Sicuramente meglio di quell'altro che si trovava al tempio insieme con lui: un pubblicano, ovvero una persona che con la santità c'entrava poco o nulla, dal momento che aveva scelto una professione - quella di esattore delle tasse doppiamente vergognosa, perché collaborazionista con il dominatore romano e perché basata su un sistema di corruzione a dir poco mafioso. Uno, insomma, che non poteva certo essere preso come modello di vita, ancor meno se paragonato a quel sant'uomo di fariseo che al tempio ci andava tutti i giorni. E che non ci sia paragone, lo sa bene anche il fariseo: talmente bene che lo dice a Dio nella preghiera. Non c'è paragone tra la sua vita e la vita degli altri uomini, a suo dire “ladri, ingiusti, adulteri”: men che meno è paragonabile a quel pubblicano che osa profanare un luogo santo come il tempio. Lui sapeva bene, dentro di sé, di essere diverso dagli altri, distinto, “separato”, questo significa la parola “fariseo”.
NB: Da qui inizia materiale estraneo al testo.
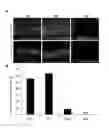 Fig. 06 - Method for preparing chondrocytes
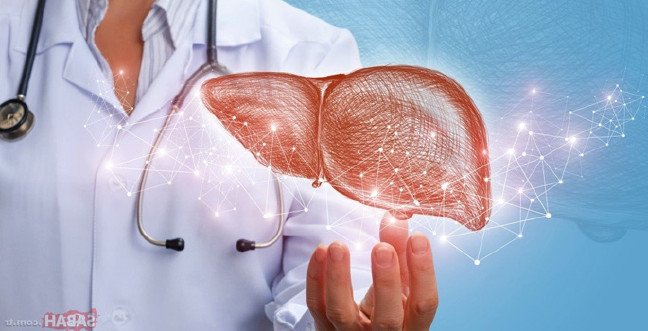 19-12/02/karacigerjpgg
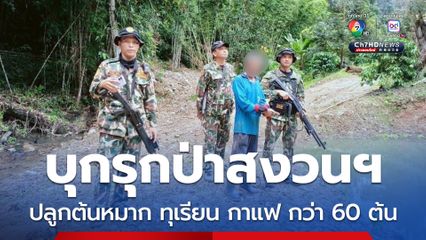 บุกรวบชายบุกรุกป่าแผ้วถางป่าสงวนฯ ปลูกต้นหมาก ทุเรียน และกาแฟ รวมกว่า 60 ต้น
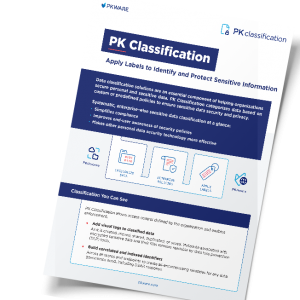 PK Classification: Apply Labels to Identify and Protect Sensitive Information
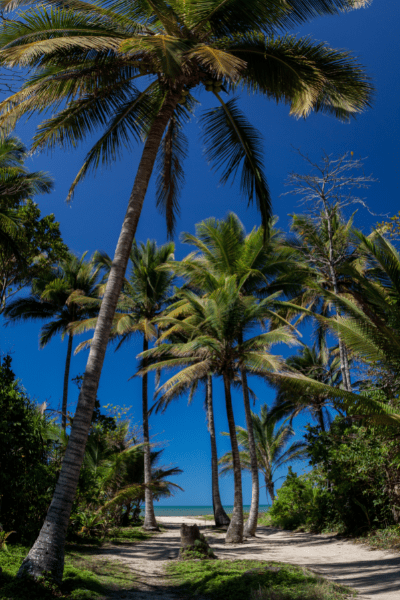 Tropical trees in Port Douglas - Transfers to Port Douglas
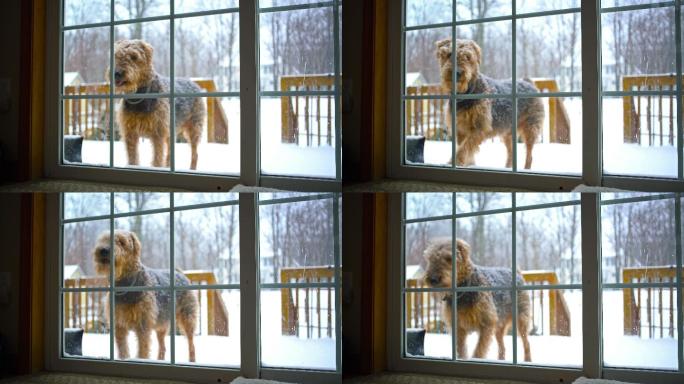 爱尔戴尔猎犬想从后院回到家里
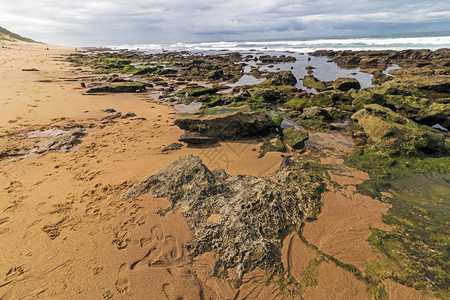 在南非德班布卢夫Garvies海滩的低潮岩石状海滩浪和海洋图片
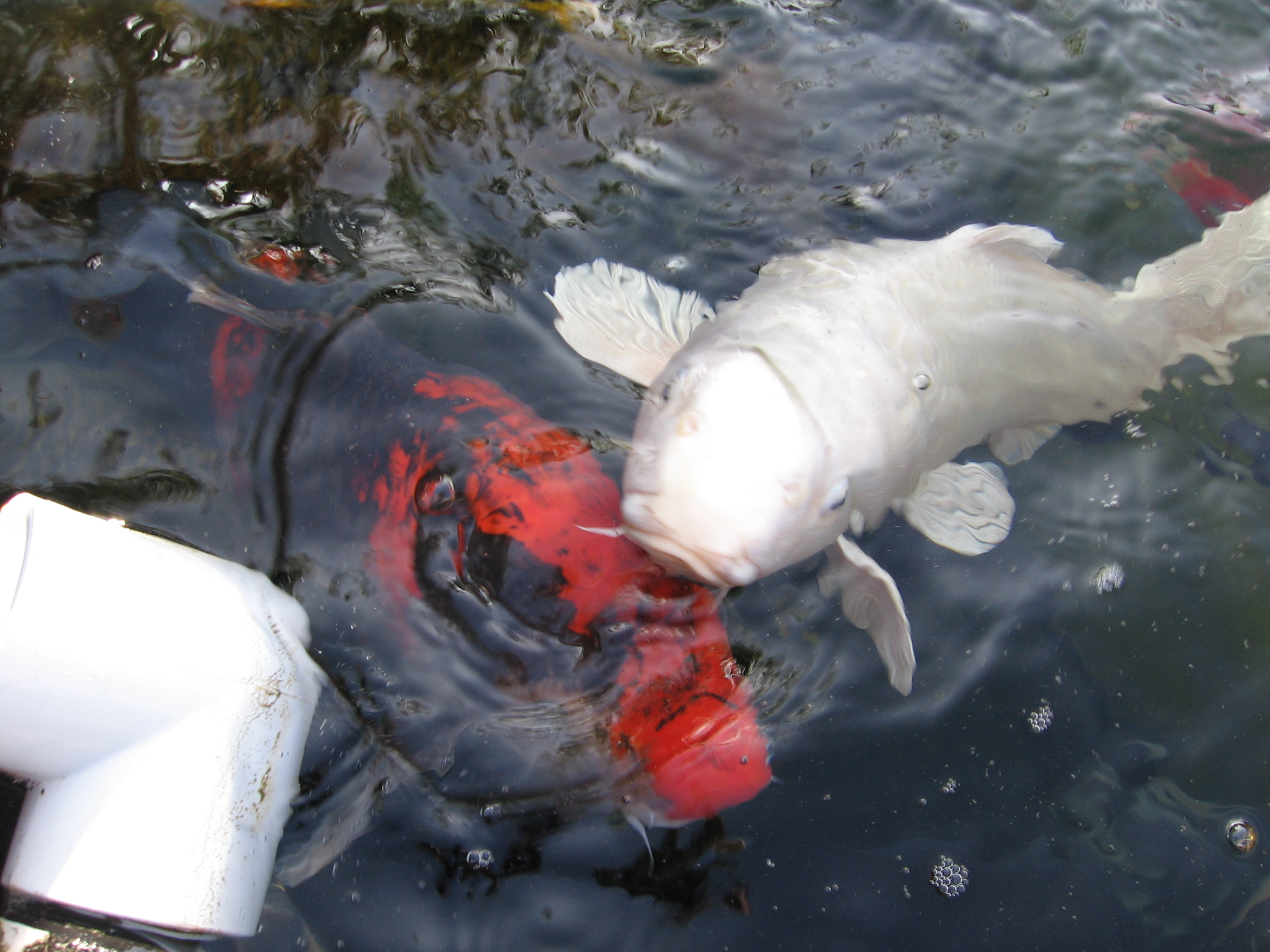 Our koi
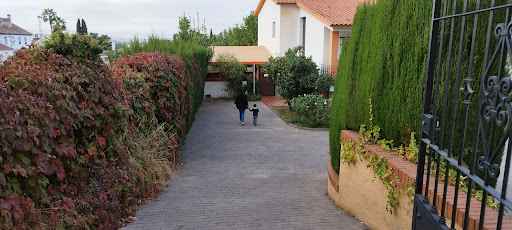 Centro de Educación Infantil Castalia - Thumbnail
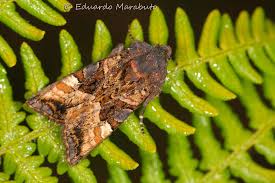 Attēlu rezultāti vaicājumam “Euplexia lucipara”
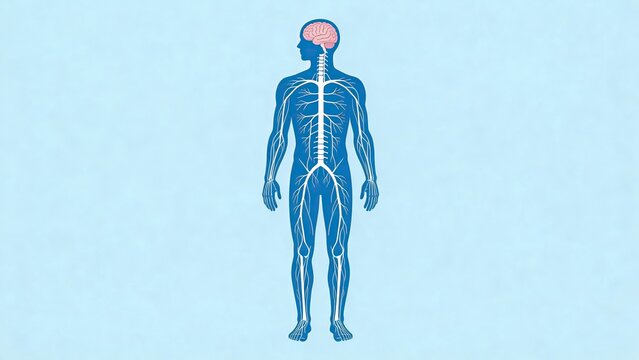 Human nervous system anatomy illustration with brain and spinal cord on blue background medical science vector concept for education and healthcare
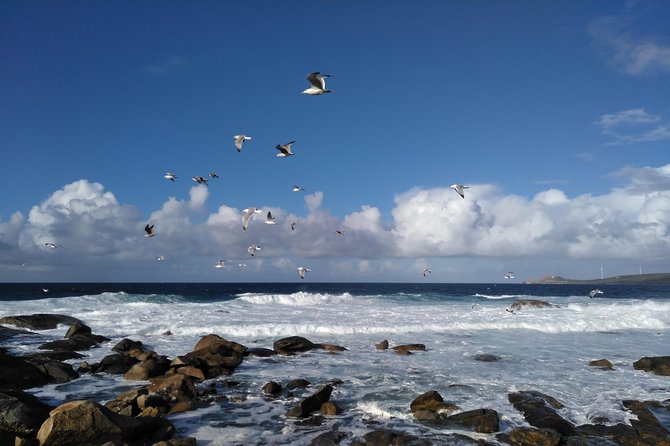 Santiago de Compostela: Finisterre, Muxia & Costa da Morte - Carnota, Lira, and the Atlantic views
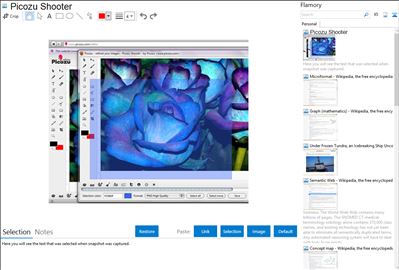 Picozu Shooter - Flamory bookmarks and screenshots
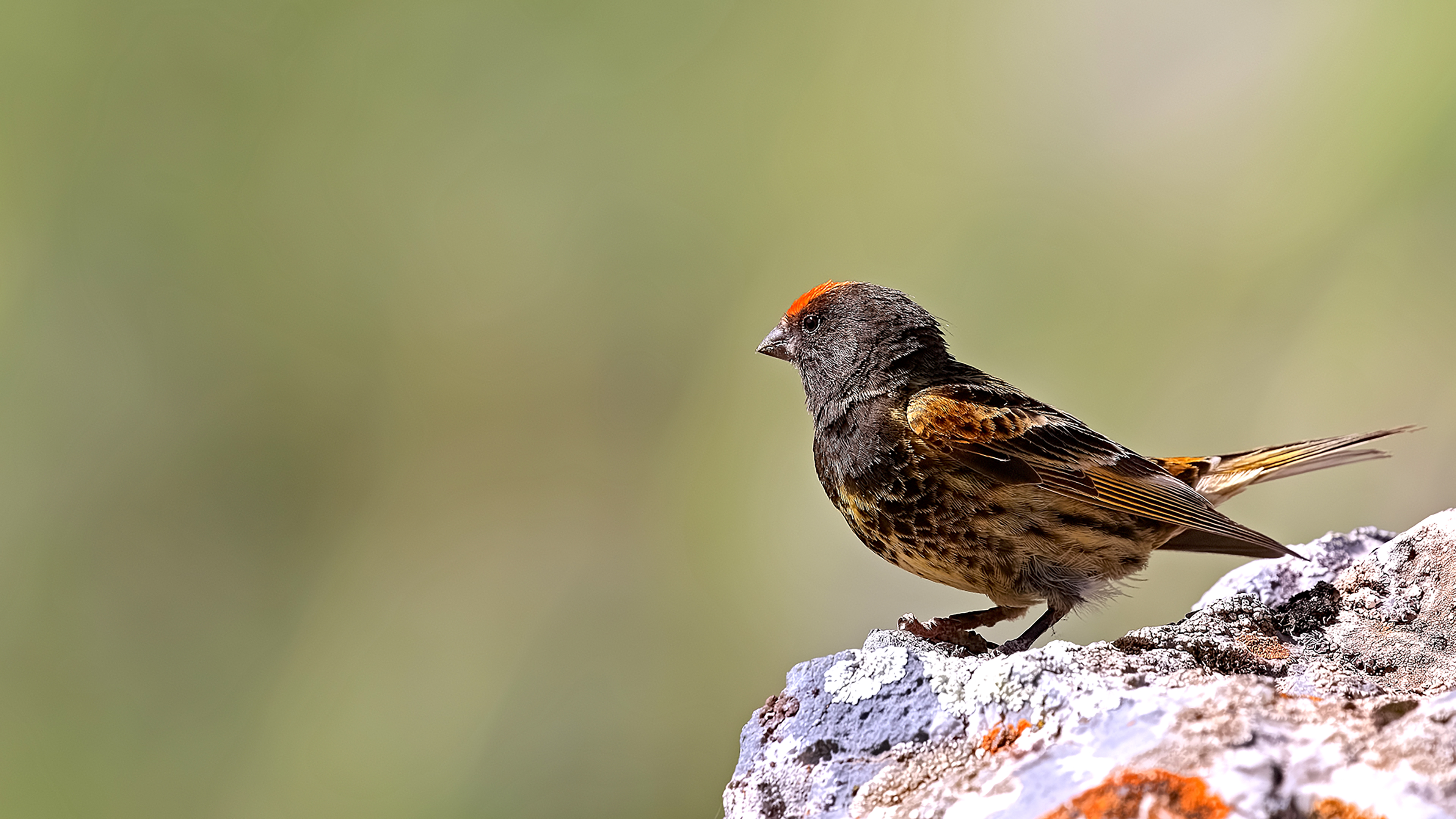 Fire-fronted Serin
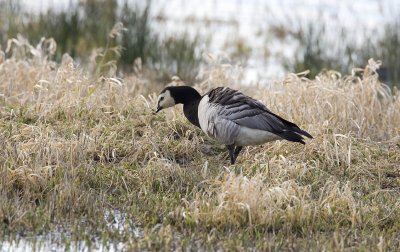 Barnacle Goose, Ridgefield NWR (probable escapee)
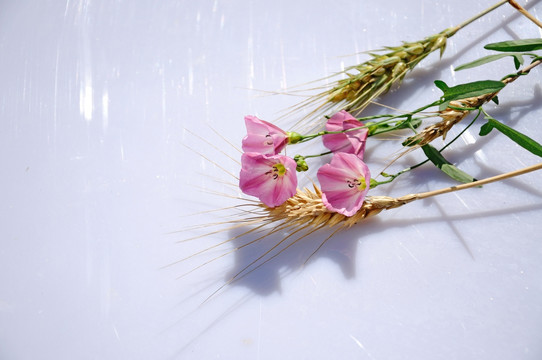 淡粉色田旋花和麦穗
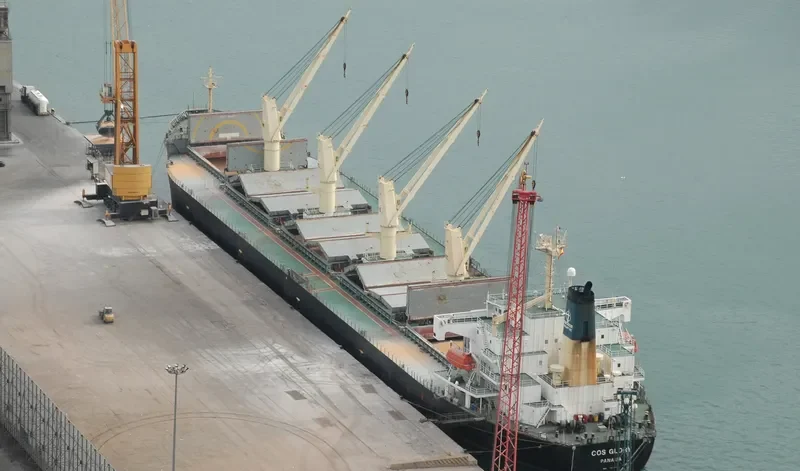 COS GLORY Bulk Carrier IMO 9168893 photo 5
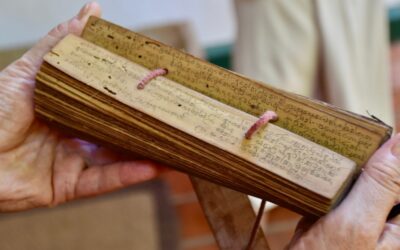 1,000-year-old onion and garlic eye remedy kills MRSA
Ma proprio questo è ciò che fa problema a Dio: il paragone tra lui e gli altri. Non per niente, Gesù racconta questa parabola “per alcuni che avevano l'intima presunzione di essere giusti e disprezzavano gli altri”. Della serie: vuoi essere perfetto? Fai pure, e ringrazia Dio se riesci a essere così. Ma non permetterti di paragonarti agli altri, disprezzandoli perché non sono come te. Non credere di essere migliore di tutti gli altri uomini solo perché osservi irreprensibilmente le leggi di Dio e le leggi dello stato, facendo addirittura di più del dovuto. Non permetterti di catalogare gli altri come peccatori senza Dio, solo perché non sono così santi come te e soprattutto, non permetterti più di rivolgerti a Dio in quel modo, abusando della preghiera per lodare te stesso e non Lui. Sì, perché questo è ciò che sa fare, quell'uomo giusto e santo: stare in piedi, eretto di fronte a Dio, quasi a dirgli “Io sono alla tua altezza”, pregando addirittura “sé stesso” perché lui non ha bisogno di rivolgersi a Dio per lodarlo, ma solo per ringraziarlo di essere diverso dagli altri e simile in tutto a Dio. Con il quale ci si deve rapportare come fa il pubblicano stando a debita distanza da Dio segno evidente che Dio è il “totalmente altro”, abbassando lo sguardo e battendosi il petto.
Io non so quale rapporto ognuno di noi abbia con Dio e con la vita di fede: ma speriamo almeno di non avere la sfrontatezza di presumere di essere giusti di fronte a lui, di disprezzare chi sbaglia. E stiamo bene attenti, perché di cristiani santi e irreprensibili come il fariseo, pronti solo a mettersi in mostra in tutto ciò che fanno, capaci solo di giudicare e disprezzare chi sbaglia ne è piena la Chiesa. E facciamo davvero molta attenzione, perché oggi il Vangelo ci dice che l'intima presunzione di essere giusti e santi è un peccato che anche Dio fatica a perdonare!